Persécution – Patrice Chéreau (2009)

“Korkmadan sevemiyorum”

Kız arkadaşı ile inişli çıkışlı bir ilişkisi olan genç bir adamın peşini bırakmayan ve kendisine tutku ile bağlanan bir adamla karşılaşması ile başlayan olayların hikâyesi.

Bir adamın taciz edilmesinin kendisinin taciz ederek yıprattığı ilişkisi ile birlikte anlatılması parlak bir fikir ama film bu fikrini nereye kadar taşıyabiliyor, orası tartışmalı. Romain Duris’nin parlak bir oyun verdiği filmde, oyuncu filmin tam merkezinde. Sürekli konuşuyor, hareket ediyor, ağlıyor, kızıyor, korkuyor, rahatsız oluyor, rahatsız ediyor vs. Tüm bunları sanki bir doğaçlama oyun verircesine ve zaman zaman vahşi bir doğallık içinde aktarıyor seyredene. Özellikle sık sık karşımıza gelen mutsuz ve kızgın (ve aslında kısmen korkan) bakışları filme egemen oluyor sürekli. Filmin senaryodan kaynaklanan temel sıkıntısı da işte onun ve tacizcisinin karakterlerinin nasıl çizildiğinde yatıyor. Yeterince işlenmemiş olan bu karakterler filmi takip etmeyi de zorlaştırıyor açıkçası. Oysa aynı senaryonun bazı bölümleri ve özellikle ayrılma sahnesi başta olmak üzere ikinci yarısı zaman zaman çok parlak anlara sahip. Burada filmin övgüyü hak eden ve yürek burkan finalinden de söz etmek gerek. Ayrılma sahnesi ise diyalogları, çekimi ve oyunculukları ile gerçekten çok etkileyici.

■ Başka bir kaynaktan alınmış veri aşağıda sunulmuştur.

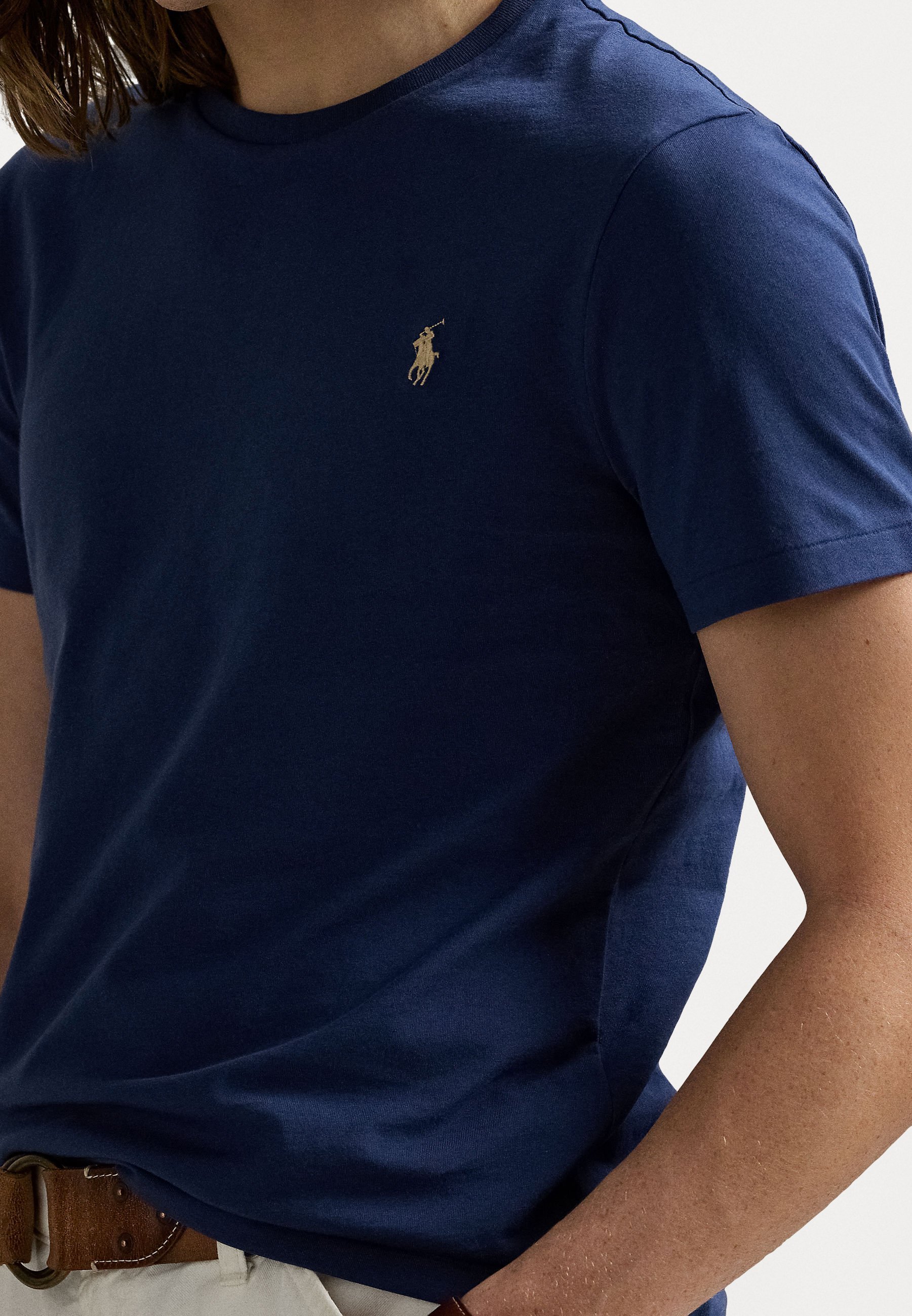 Polo Ralph Lauren CUSTOM SLIM FIT JERSEY CREWNECK T-SHIRT - T-shirt basic - blu navy rustico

Etkileyici bir sahnede kalabalık bir barda arkadaşının sırlarını aralıksız konuşarak ortaya döken kahramanımızın kendi tacizi ile taciz edilmesi çelişkisinin yeterince altının çizil(e)mediği film, sonradan bu tacizciyi dert dinleyen bir adama dönüştürerek eksik kalan vurguyu iyice zayıflatıyor. “İnsanları bırakamayan” bir adamın gereksiz sorgulamaları ile yitirmekte olduğu bir ilişkisinin hikâyesi olan filmin aslında daha başarılı olsaydı nereye gidebileceğini en iyi gösteren, filmin sonunda Antony and the Johnsons yorumu ile dinlediğimiz “Mysteries of Love” şarkısı. Bir şarkıyı yeniden yorumlarken nasıl ona yeni bir hayat verilebileceğini çok iyi gösteren bu yorum içerdiği gizem, kırılganlık ve hüzün ile filmin hedeflediği noktayı çok iyi işaret ediyor.

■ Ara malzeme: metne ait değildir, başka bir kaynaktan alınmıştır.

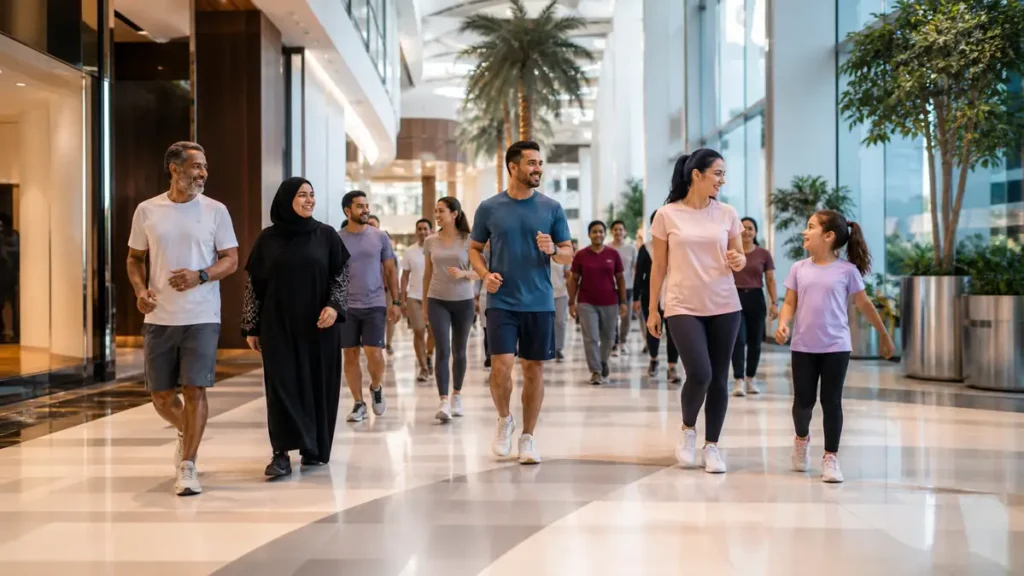 People walking indoors at Dubai Mallathon 2026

Yarı yolda kalmış gibi olsa da hedeflediği nokta ve Duris’nin parlak oyunculuğu ile dikkati çeken, ve sabırsızlık, güvensizlik ve anlamsız sorgulama sonucu kaybedilebilecekleri yüzümüze çarpan ve kimi problemlerine rağmen etkileyici bir film sonuç olarak.